**Prompt**
Pictures excluded, output the lines of the data below between the one holding "Beige MEDALIST sneakers AUTRY" and the one holding "Vecinos de Portal", inclusive, exactly as they stand.

**Extracted data**
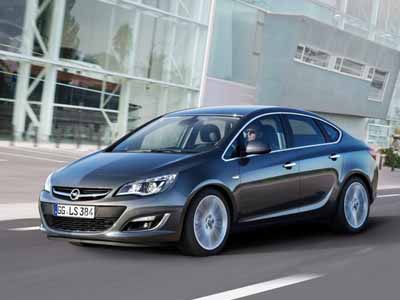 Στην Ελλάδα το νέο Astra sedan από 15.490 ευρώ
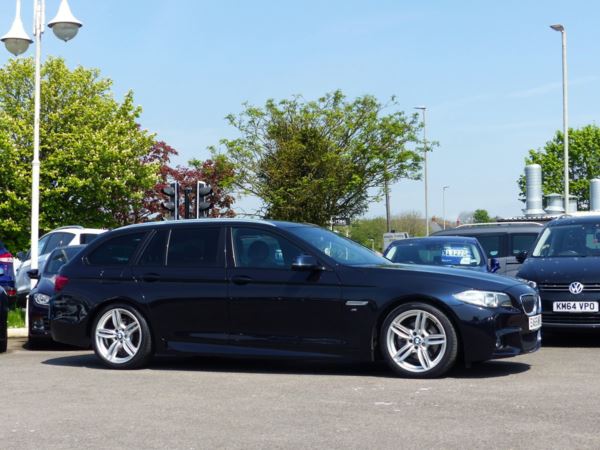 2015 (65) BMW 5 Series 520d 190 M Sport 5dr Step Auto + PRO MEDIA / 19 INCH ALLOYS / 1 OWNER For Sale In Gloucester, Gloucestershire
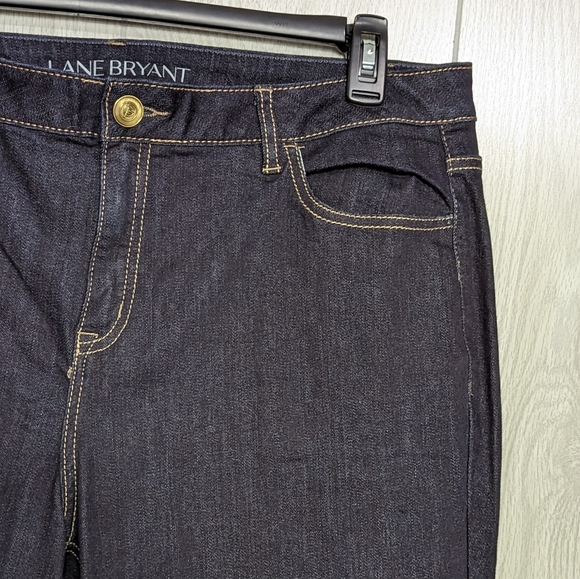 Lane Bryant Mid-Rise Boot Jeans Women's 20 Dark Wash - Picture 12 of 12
==
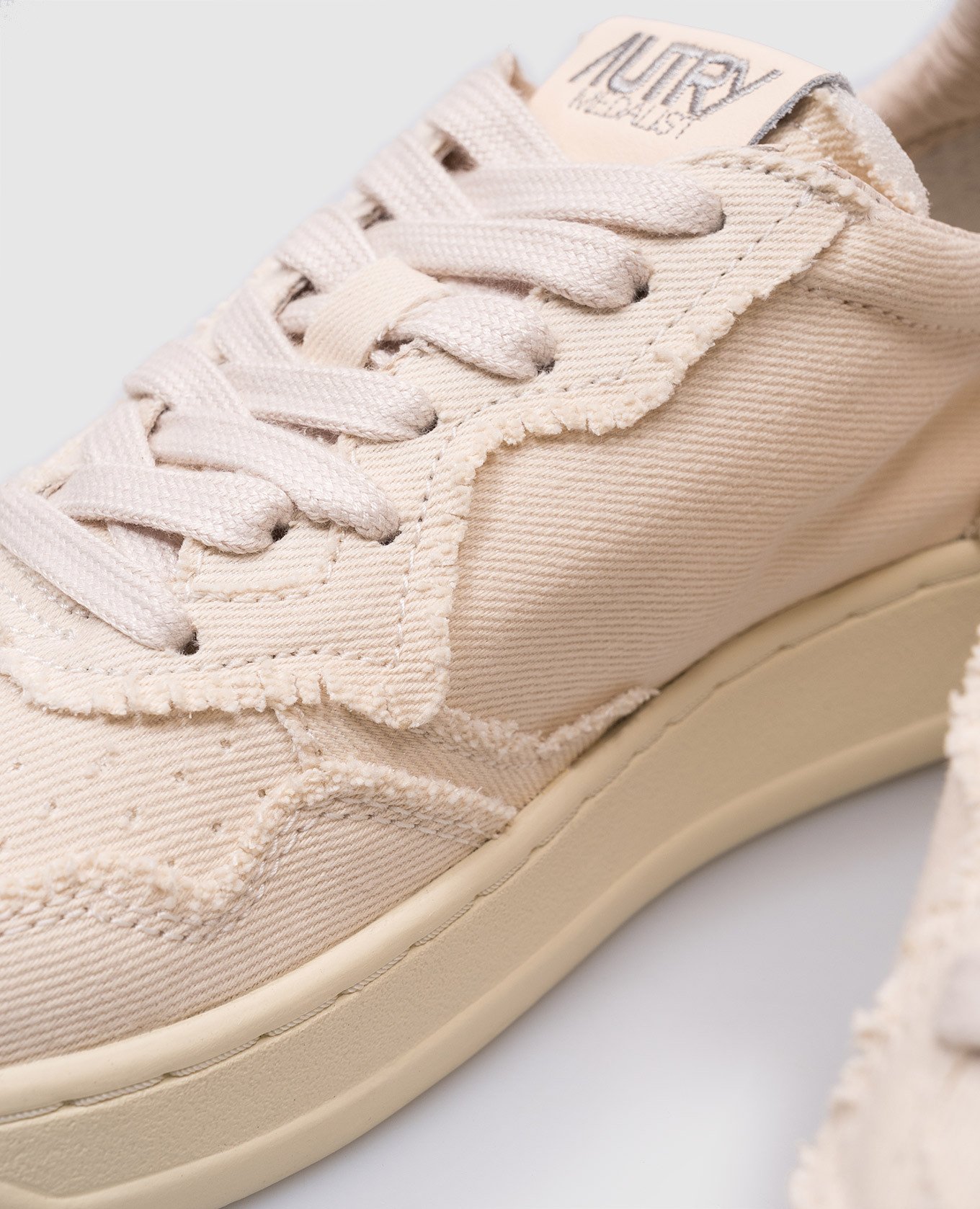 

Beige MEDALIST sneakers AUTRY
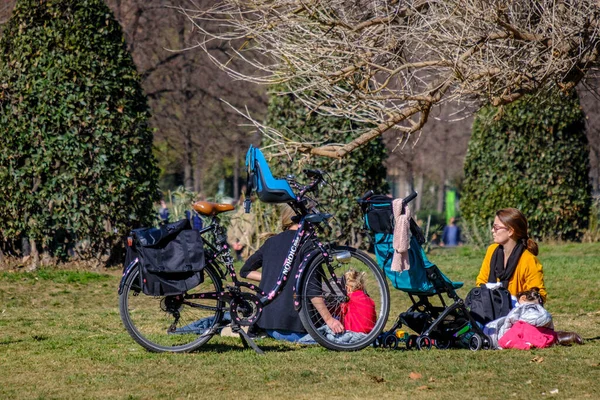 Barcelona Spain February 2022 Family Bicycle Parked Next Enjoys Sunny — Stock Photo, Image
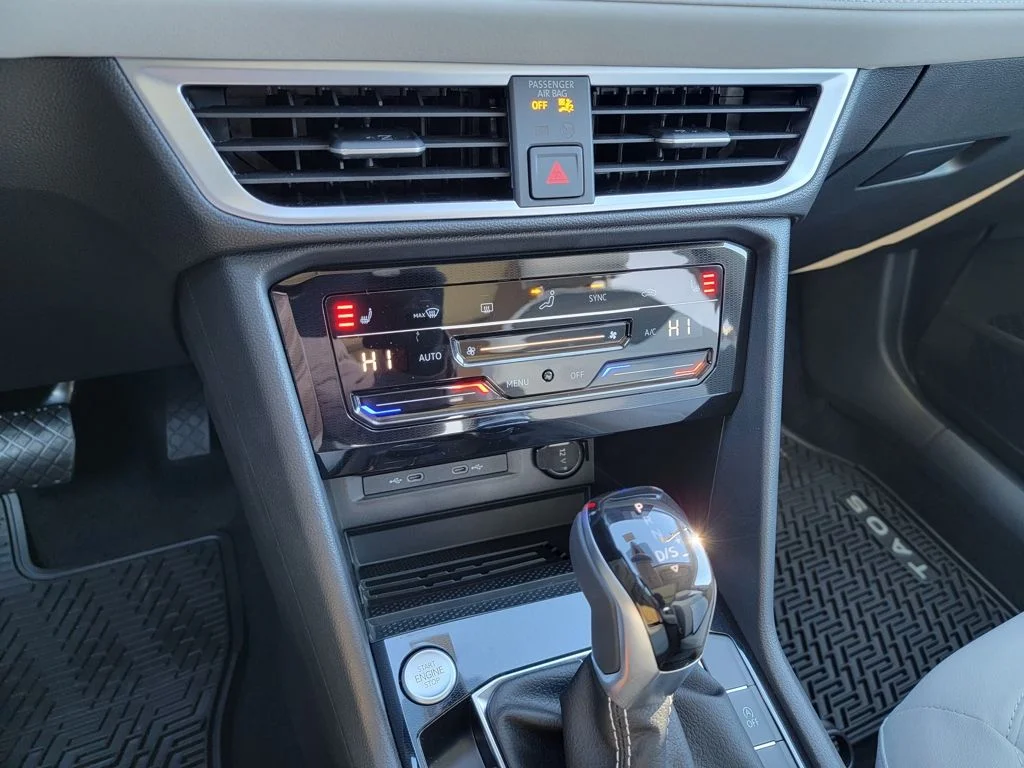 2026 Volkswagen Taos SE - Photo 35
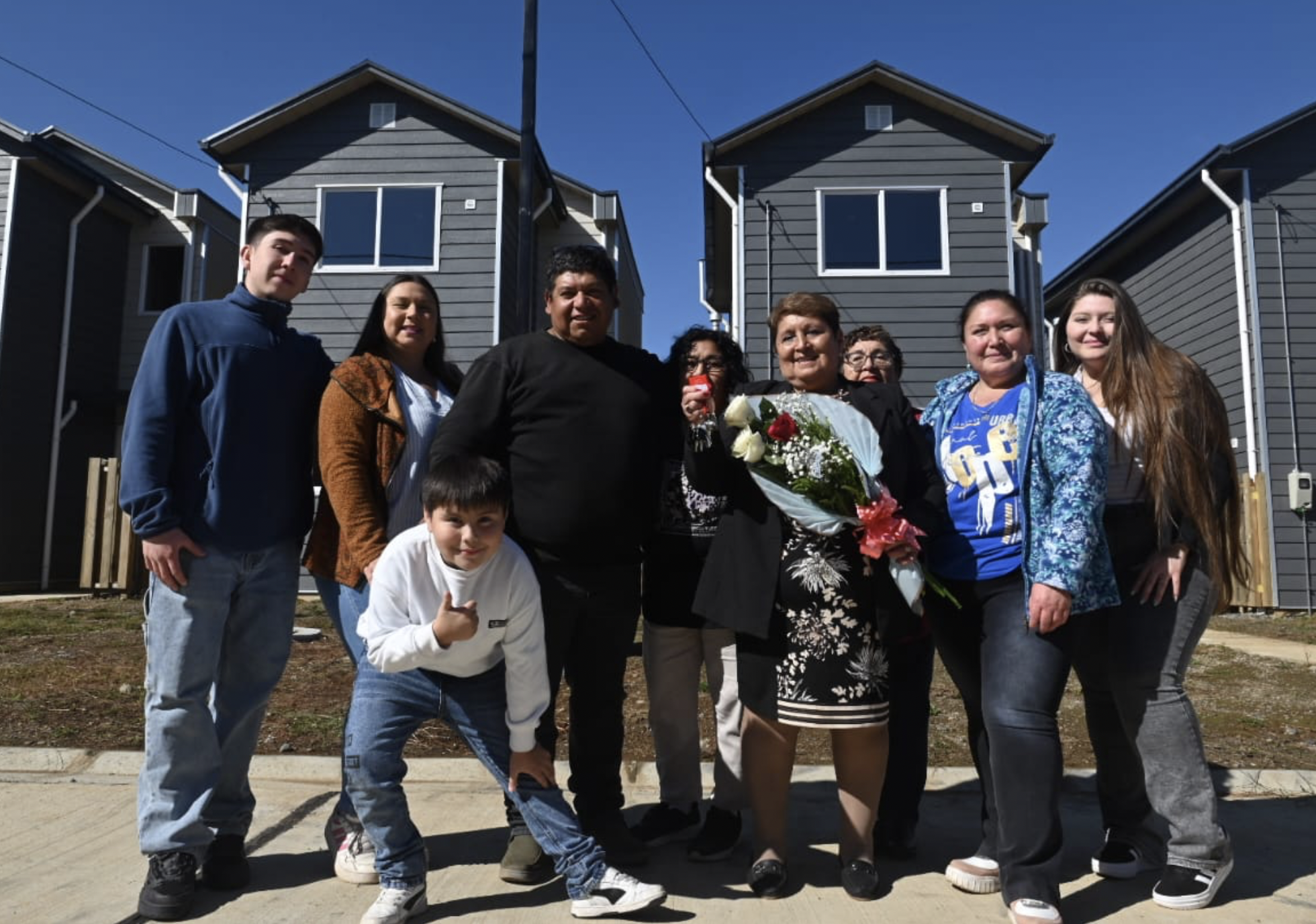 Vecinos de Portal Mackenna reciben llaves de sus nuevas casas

**Exercise result**
Beige MEDALIST sneakers AUTRY
 Barcelona Spain February 2022 Family Bicycle Parked Next Enjoys Sunny — Stock Photo, Image
 2026 Volkswagen Taos SE - Photo 35
 Vecinos de Portal Mackenna reciben llaves de sus nuevas casas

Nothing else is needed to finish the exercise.